Joe reviewed the history of spying in the US. John Walker spied for the KGB, first presenting himself to the Soviet Embassy in 1957, and continued transferring classified information by “dead drops” in Washington for 18 years before being caught (after his ex-wife turned him in). The technology of the F-35 fighter jet program, costing $1.4 trillion, was compromised. Glenn Shriver spied for China. Chinese cyber espionage (mostly of industrial technology) has become a major problem. “The Falcon and the Snowman” were code-names for aerospace spies living in Palos Verdes.
 
A great ancient commercial theft was of Chinese tea plants, taken by the British to their colony in India where they developed plantations to feed a profitable new tea culture in Europe.

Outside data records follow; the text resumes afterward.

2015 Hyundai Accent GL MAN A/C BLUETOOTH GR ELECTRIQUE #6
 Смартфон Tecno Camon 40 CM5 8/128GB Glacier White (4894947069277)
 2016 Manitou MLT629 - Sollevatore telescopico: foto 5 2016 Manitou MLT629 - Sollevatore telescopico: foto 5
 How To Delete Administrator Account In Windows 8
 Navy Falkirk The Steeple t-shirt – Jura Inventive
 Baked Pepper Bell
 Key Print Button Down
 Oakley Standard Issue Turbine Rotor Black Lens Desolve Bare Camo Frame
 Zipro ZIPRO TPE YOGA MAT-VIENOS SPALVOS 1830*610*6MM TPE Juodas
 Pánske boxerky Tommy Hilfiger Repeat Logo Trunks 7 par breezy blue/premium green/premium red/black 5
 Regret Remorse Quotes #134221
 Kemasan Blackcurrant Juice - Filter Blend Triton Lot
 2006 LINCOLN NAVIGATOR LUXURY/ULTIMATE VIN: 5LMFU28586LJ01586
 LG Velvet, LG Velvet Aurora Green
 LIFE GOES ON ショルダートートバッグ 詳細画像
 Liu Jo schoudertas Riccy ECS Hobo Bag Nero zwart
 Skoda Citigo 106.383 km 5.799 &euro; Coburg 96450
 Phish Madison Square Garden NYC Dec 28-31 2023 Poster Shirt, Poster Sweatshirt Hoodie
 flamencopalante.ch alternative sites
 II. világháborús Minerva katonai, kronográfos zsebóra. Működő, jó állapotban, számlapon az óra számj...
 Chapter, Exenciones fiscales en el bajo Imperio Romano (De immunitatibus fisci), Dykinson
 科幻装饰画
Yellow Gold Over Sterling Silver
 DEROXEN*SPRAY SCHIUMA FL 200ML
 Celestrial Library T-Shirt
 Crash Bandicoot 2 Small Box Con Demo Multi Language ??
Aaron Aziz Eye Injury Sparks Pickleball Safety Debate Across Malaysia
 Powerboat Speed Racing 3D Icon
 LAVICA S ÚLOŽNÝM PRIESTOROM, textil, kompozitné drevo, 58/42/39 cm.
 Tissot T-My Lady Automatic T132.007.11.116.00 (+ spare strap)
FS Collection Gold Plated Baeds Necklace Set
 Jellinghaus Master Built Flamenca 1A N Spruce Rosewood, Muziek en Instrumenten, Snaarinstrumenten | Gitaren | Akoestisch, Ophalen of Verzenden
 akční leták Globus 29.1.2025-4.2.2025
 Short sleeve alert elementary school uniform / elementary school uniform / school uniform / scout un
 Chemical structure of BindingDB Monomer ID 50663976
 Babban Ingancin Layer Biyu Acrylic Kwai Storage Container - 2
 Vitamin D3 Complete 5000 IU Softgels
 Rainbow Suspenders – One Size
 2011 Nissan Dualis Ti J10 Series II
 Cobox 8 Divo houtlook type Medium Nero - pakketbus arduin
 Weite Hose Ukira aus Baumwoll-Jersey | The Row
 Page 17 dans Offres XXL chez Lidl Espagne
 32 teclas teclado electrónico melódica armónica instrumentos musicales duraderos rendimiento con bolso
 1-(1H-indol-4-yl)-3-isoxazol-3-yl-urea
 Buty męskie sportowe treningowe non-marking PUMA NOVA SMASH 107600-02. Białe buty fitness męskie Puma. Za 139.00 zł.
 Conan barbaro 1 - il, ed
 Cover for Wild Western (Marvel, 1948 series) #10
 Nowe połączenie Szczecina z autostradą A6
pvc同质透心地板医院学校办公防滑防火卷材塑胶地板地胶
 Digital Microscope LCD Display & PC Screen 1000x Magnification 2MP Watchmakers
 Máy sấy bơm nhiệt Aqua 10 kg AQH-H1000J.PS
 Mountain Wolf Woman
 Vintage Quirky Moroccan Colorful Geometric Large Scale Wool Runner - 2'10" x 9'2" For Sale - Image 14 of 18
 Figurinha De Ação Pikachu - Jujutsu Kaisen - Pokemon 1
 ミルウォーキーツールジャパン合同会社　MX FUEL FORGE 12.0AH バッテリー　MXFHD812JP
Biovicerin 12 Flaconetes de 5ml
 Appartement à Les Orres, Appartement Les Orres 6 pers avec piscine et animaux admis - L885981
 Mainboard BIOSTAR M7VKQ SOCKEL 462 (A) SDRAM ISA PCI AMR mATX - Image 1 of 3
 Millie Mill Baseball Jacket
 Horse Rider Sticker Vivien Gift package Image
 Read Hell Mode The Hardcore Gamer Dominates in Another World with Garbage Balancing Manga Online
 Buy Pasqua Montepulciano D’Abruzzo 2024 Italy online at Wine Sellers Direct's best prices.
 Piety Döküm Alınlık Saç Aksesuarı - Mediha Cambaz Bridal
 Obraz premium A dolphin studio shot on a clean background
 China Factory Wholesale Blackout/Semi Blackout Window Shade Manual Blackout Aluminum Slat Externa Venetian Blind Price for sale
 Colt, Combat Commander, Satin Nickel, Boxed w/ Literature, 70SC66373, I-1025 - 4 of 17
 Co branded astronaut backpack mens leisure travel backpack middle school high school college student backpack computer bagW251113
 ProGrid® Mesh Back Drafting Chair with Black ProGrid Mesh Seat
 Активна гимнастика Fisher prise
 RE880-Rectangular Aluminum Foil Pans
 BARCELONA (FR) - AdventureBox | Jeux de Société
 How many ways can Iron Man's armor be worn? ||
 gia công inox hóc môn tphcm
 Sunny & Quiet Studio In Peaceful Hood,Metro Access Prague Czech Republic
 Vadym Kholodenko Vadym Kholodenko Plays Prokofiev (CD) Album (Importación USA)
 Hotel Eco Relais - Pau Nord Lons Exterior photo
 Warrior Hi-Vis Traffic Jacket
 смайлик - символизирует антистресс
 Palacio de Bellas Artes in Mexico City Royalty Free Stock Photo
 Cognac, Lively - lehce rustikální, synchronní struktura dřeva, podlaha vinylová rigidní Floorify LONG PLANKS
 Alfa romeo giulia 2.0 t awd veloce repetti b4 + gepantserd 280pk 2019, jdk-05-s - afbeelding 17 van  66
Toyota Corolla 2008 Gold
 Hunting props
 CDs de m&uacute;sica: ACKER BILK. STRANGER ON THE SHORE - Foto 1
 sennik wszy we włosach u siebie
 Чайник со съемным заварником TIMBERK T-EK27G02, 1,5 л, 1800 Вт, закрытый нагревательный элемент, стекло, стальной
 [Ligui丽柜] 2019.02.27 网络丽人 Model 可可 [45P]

In return, they sent opium to China and managed to get commercial concessions in Hong Kong, which they ruled as a colony until 1997. Silkworms, vitrified porcelain (“china”) and gunpowder were other ancient examples taken from China. Coca-Cola’s formula is a modern trade secret (probably not much of a secret anymore).
 
Casanova was a Venetian spy, as well as a librarian and a well-known Lothario (from a similar “Don Quixote” character). Mata Hari was a glamorous German-French celebrity who became a spy for Germany in World War I; she was executed in 1917. Benedict Arnold was a turncoat for the British during the US Revolutionary war. J Robert Oppenheimer and the other Los Alamos spies after World War II produced a major political scandal. The Soviets later boasted that they had 29 agents at Los Alamos, and this information changed geopolitical history as the Soviet Union under Stalin quickly developed atomic and then hydrogen bombs within a few years after the US had dropped the first nuclear weapons on Japan to end World War II. There were supposedly 500 American spies against the US during the Cold War. Most spies were compromised by other spies.